The most important thing to appreciate is that for us first and second-generation immigrants there is simply more at stake than for others. We are more engaged with the issue.
It causes some of us, certainly, to support every pro-migrant policy and to see our own experience in the experience of others. And that is part of my outlook too. It is impossible to have found refuge from tyranny in this country, as my family did, and not feel very strongly about the need for a working asylum system, one that is both efficient and compassionate. I also feel immensely strongly about the rule of law and the need for humanity and respect for the individual in the implementation of policy.
All that is essential, but it is only the beginning of the story.
In the interviews that have appeared this week with Latino Trump voters one theme kept recurring. “I came here legally and so should they.” There is more at stake for first and second-generation immigrants, and we therefore care more about the rules and whether they are observed.
There cannot be a functioning, efficient, compassionate asylum system if it is subverted by people smugglers who are seemingly immune to government resistance. Governments have to show imagination about the suffering of oppressed people and understand the tactics they may need to employ in desperation, but this cannot end up as effectively an open borders policy. It is not surprising that migrant voters did not support a Biden administration that leant in that direction.
Rishi Sunak did not, in my view, try to “stop the boats” because in his anxiety to appease conservative Britain he forgot he was from an immigrant family. He cared about the issue precisely because he was from an immigrant family.
Multicultural societies are hard and it is migrant communities who live with that all the time. We know we don’t just come here to mend someone’s dishwasher or serve their food. We come here to be citizens, to be part of something, to have families, raise children, interact with our neighbours, be part of our communities, vote in elections. And it takes time, sometimes generations, for our own values and traditions to fit comfortably in their new environment. It doesn’t happen overnight.
And we can see and feel more directly what happens if it goes wrong. If it all happens too quickly. If integration isn’t a success. If large waves of immigration produce racial tension, the first people to experience that are immigrants and their children. It is unsurprising that we feel particularly sensitive to the balance in our society.

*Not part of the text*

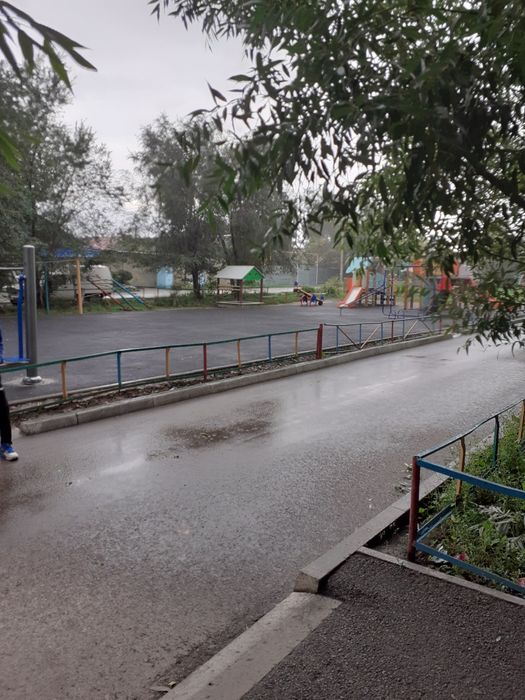 Продам двухкомнатную.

We care a lot about this because it matters more to us if it goes wrong, and the consequences for us are greater. So I naturally empathise with a fellow immigrant family making a life here. And I get the economic arguments too. But I also see the need to control numbers so that each new family can become part of the country that is welcoming them in. I can’t take a blithe, relaxed, abstract, purely economic liberal view of migration that is out of control.
There is something else. Immigrants come to places like Britain for a reason - because they want the life it seems to offer and because they believe in it. So how can anyone find it puzzling that someone like Kemi Badenoch or Sajid Javid would be Conservative in politics and temperament? Immigrants are likely to be high on the list of those resisting unsettling social change, which they have often come here to escape.
I think for Latinos to see Donald Trump as the protector of American values and a source of social stability is a terribly mistaken judgment. Even an eccentric one. But I am not bewildered by it. And nor should any political observer be.